Он более всего заботился о продовольствии для эскадры и о доставлении своим командам обильной и здоровой пищи. Из-за этого флот был в беспрерывном движении. Стоя на якоре попеременно или в Кёге-Бухте, или вблизи Ростока, эскадра редко нуждалась в свежей провизии. Сбережение и правильное употребление запасов и такелажа, было также предметом особой заботливости Нельсона. Благодаря строгой экономии, до сих пор еще памятной в Англии, Нельсон никогда не жаловался на недостатки и скудость снабжения, подобно другим адмиралам. "Если мы и нуждаемся в чем-нибудь, - писал он Адмиралтейству, - то нужды эти скорее воображаемые, чем действительные". Чтобы добиться такого результаты, Нельсон не жалел ни времени, ни трудов. Он вставал в 4 или в 5 часов утра и никогда не завтракал позже 6 . Непременно один или два мичмана (гардемарина) разделяли с ним завтрак. Нельсон любил эту веселую компанию морских офицеров, не боялся шутить с этими детьми, и часто сам ребячился не менее их. К 8 часам все корабли приводились в совершенный порядок, и до самого захождения солнца ни что из случившегося на эскадре не укрывалось от бдительного взора главнокомандующего.

Но в то время, когда Нельсон выказывал эту чудную деятельность, здоровье его было очень расстроено. Это было следствием морального беспокойства, овладевшего им со дня заключения перемирия. У него душевное волнение почти всегда обнаруживалось нервической лихорадкой и удушьем, что он все еще приписывал неудачной погоне за французами в 1798 году. "Эта кампания, - говаривал он, - огорчила меня до глубины души, и при всяком сильном ощущении я снова чувствую ее действие". Его обычная раздражительность развилась еще более от равнодушия, с каким приняли в Англии известие о славном сражении при Копенгагене. Этот блестящий эпизод трудной и опасной кампании не сиял тем светом, каким озарены были победы при Сан-Винценте и Абукире. Он, правда, доставил Нельсону титул виконта, но лондонский Сити не благодарил победителей, тогда как в ту же эпоху экспедиция, несравненно более легкая и безопасная, которая под началом лорда Кейта отправилась от берегов Карамани и заставила французов очистить Египет, удостоилась благодарности Сити.

"Я терпеливо ждал, - писал Нельсон лорду Меру через год после своего возвращения из Балтики, - пока чьи-нибудь меньшие заслуги отечеству обратят на себя внимание лондонского Сити, прежде, нежели решился изъявить то глубокое огорчение, какое чувствую, видя, что офицеры, служившие под моим началом, люди, участвовавшие в самом кровопролитном сражении и одержавшие самую полную из всех побед, подержанных в течение этой войны, лишены чести получить от великого Сити одобрение, которое так легко досталось другим, более счастливым.
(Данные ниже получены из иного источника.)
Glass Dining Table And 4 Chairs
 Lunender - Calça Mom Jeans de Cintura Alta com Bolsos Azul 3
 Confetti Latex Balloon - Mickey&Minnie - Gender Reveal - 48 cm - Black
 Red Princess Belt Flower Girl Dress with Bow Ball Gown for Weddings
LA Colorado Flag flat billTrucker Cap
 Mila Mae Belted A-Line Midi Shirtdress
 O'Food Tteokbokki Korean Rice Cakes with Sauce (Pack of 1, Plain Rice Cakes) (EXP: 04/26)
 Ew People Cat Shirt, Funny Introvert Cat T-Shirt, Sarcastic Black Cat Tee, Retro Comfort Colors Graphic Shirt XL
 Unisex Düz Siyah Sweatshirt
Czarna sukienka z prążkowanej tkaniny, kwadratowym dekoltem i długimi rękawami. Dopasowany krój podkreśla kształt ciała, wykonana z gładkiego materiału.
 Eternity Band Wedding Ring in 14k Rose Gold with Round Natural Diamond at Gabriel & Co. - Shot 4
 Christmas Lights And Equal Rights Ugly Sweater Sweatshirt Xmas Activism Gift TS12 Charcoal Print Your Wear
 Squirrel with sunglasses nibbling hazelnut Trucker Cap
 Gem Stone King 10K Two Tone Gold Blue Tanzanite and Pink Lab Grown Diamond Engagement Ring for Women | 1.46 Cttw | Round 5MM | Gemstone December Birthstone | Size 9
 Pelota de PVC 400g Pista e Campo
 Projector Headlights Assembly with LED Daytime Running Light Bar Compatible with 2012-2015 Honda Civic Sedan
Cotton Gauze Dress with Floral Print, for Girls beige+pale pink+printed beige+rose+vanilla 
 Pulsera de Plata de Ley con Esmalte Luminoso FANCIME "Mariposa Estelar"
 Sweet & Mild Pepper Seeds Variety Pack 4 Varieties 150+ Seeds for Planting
Но лорд Мер поймет, что если бы адмирал Нельсон мог забыть заслуги тех, которые сражались под его начальством, он был бы недостоин того, чтобы они содействовали ему так, как это всегда бывало".

Несмотря на такое благородное заключение, надо признаться, что недостойно было величия Нельсона требовать так открыто благодарности от народа и заставлять его насильно удивляться. Но нужно заметить, что эта пылкая нескромность, неприличная государственному человеку, была несколько извинительна в военачальнике. Правда, она скорее обнаруживает любовь к славе, нежели патриотизм, скорее пылкость, нежели истинную возвышенность душевную; но в наше время военный героизм по бoльшей части бывает движим теми же началами.